● What you should do
Each line below from the "Chalet Spa Le" line through the "A Group Of People" line, those two included, must be restated word for word; the pictures must not be.

● Given data
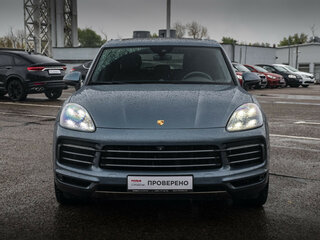 2018 Porsche Cayenne III, голубой, 5530000 рублей, вид 4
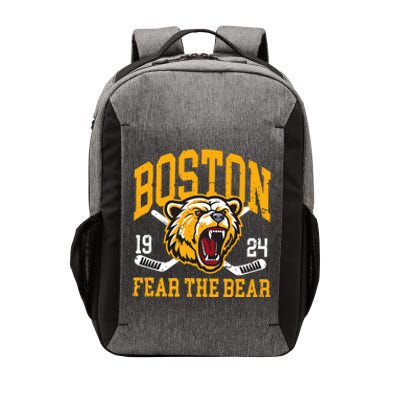 Boston Ice Hockey Fear The Bear Vector Backpack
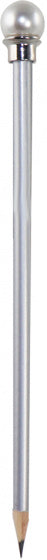 potlood parel junior 19 cm hout zilver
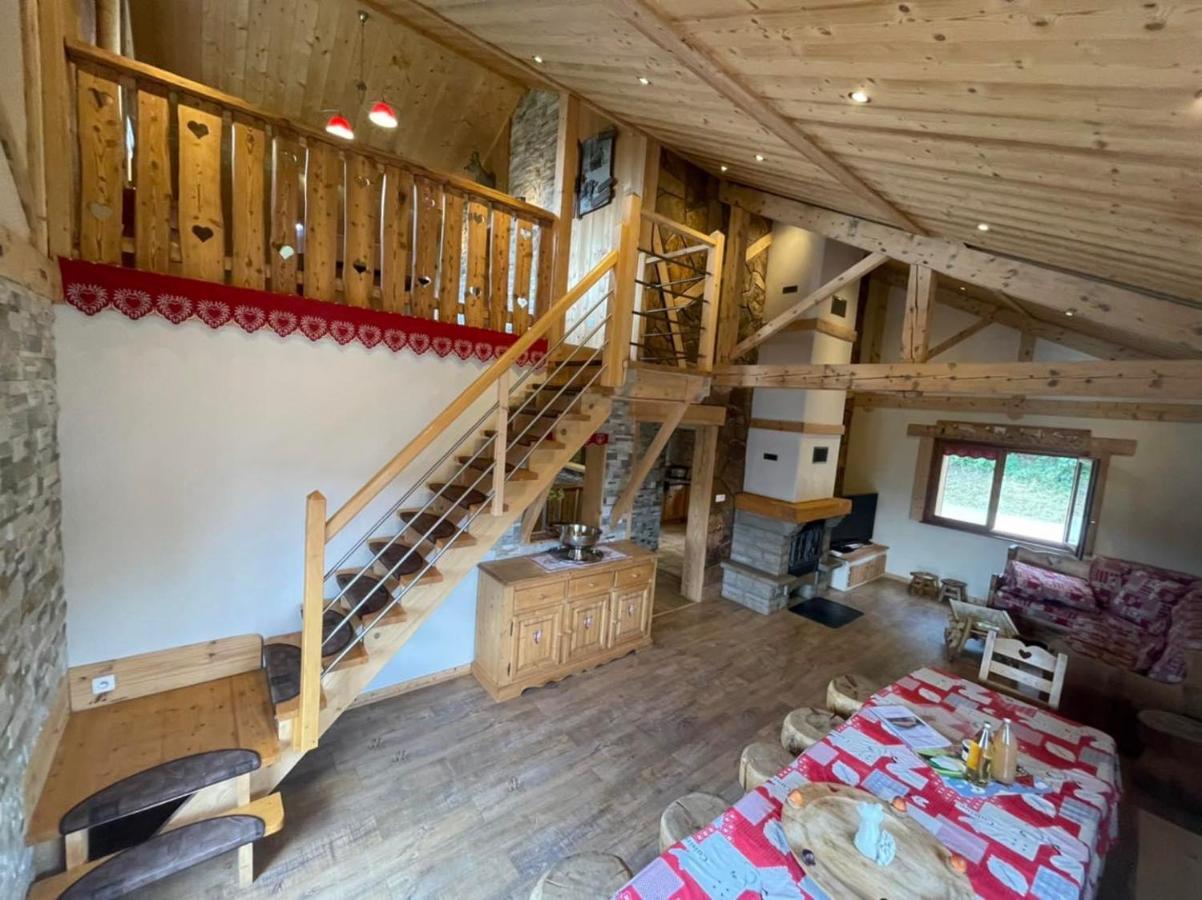 Chalet Spa Le Diamant Nathalie Mn La Rouge La Bresse Luaran gambar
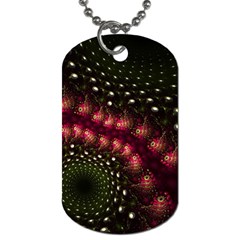 Background Texture Pattern Art Dog Tag (one Side)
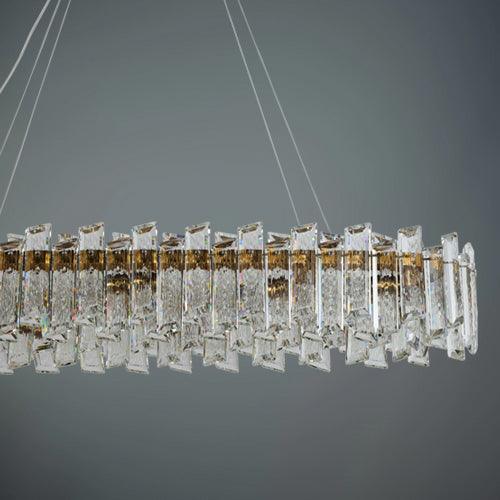 Trilu Linear Chandelier by The Light Library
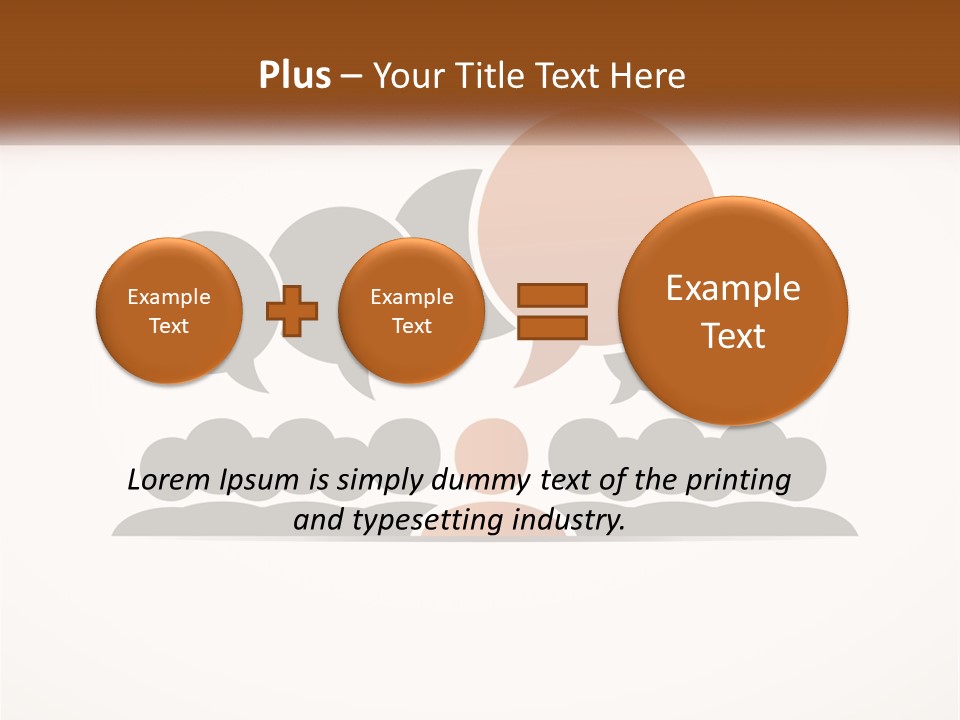 A Group Of People With Speech Bubbles On A White Background PowerPoint Template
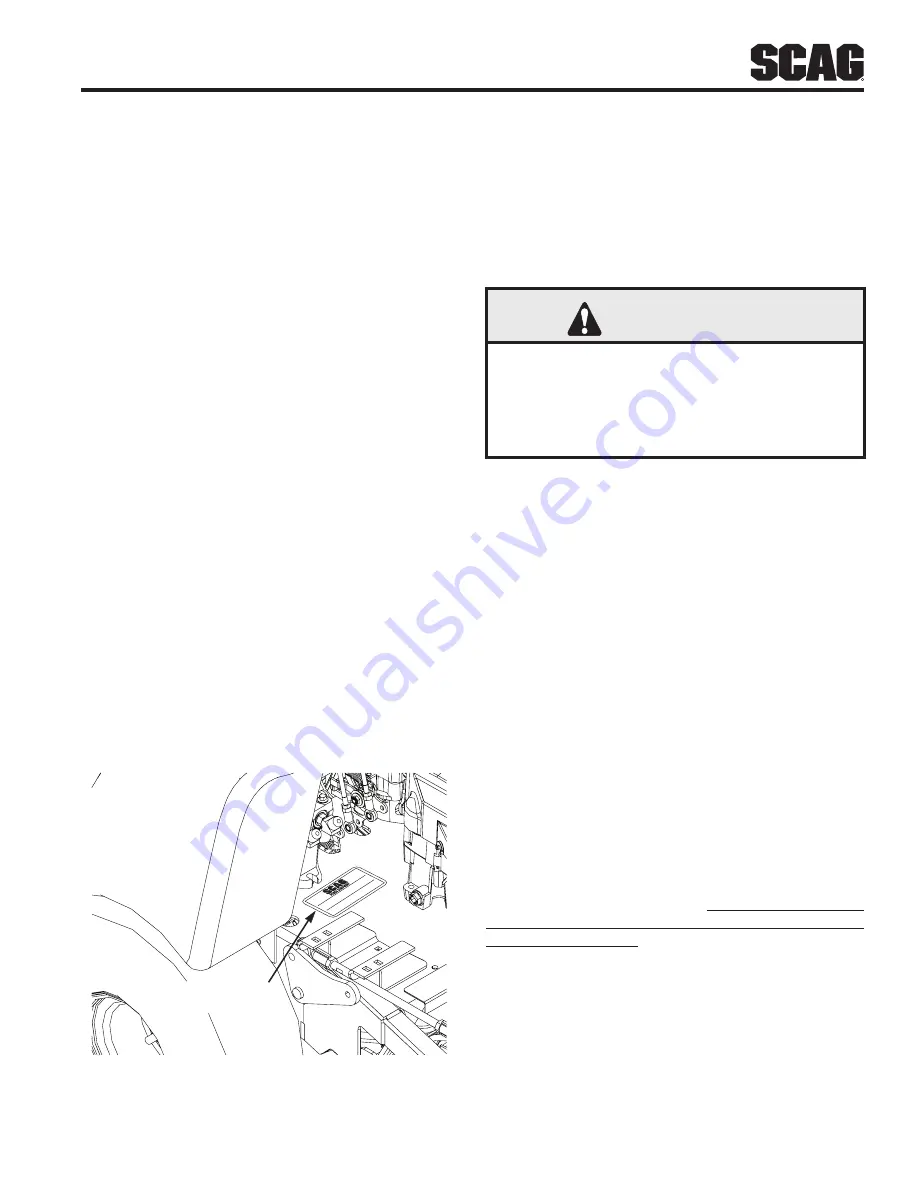 Scag Power Equipment V-RIDE SVR61V-29FX Operator'S Manual Download Page 5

● Reply to the exercise
 Chalet Spa Le Diamant Nathalie Mn La Rouge La Bresse Luaran gambar
 Background Texture Pattern Art Dog Tag (one Side)
 Trilu Linear Chandelier by The Light Library
 A Group Of People With Speech Bubbles On A White Background PowerPoint Template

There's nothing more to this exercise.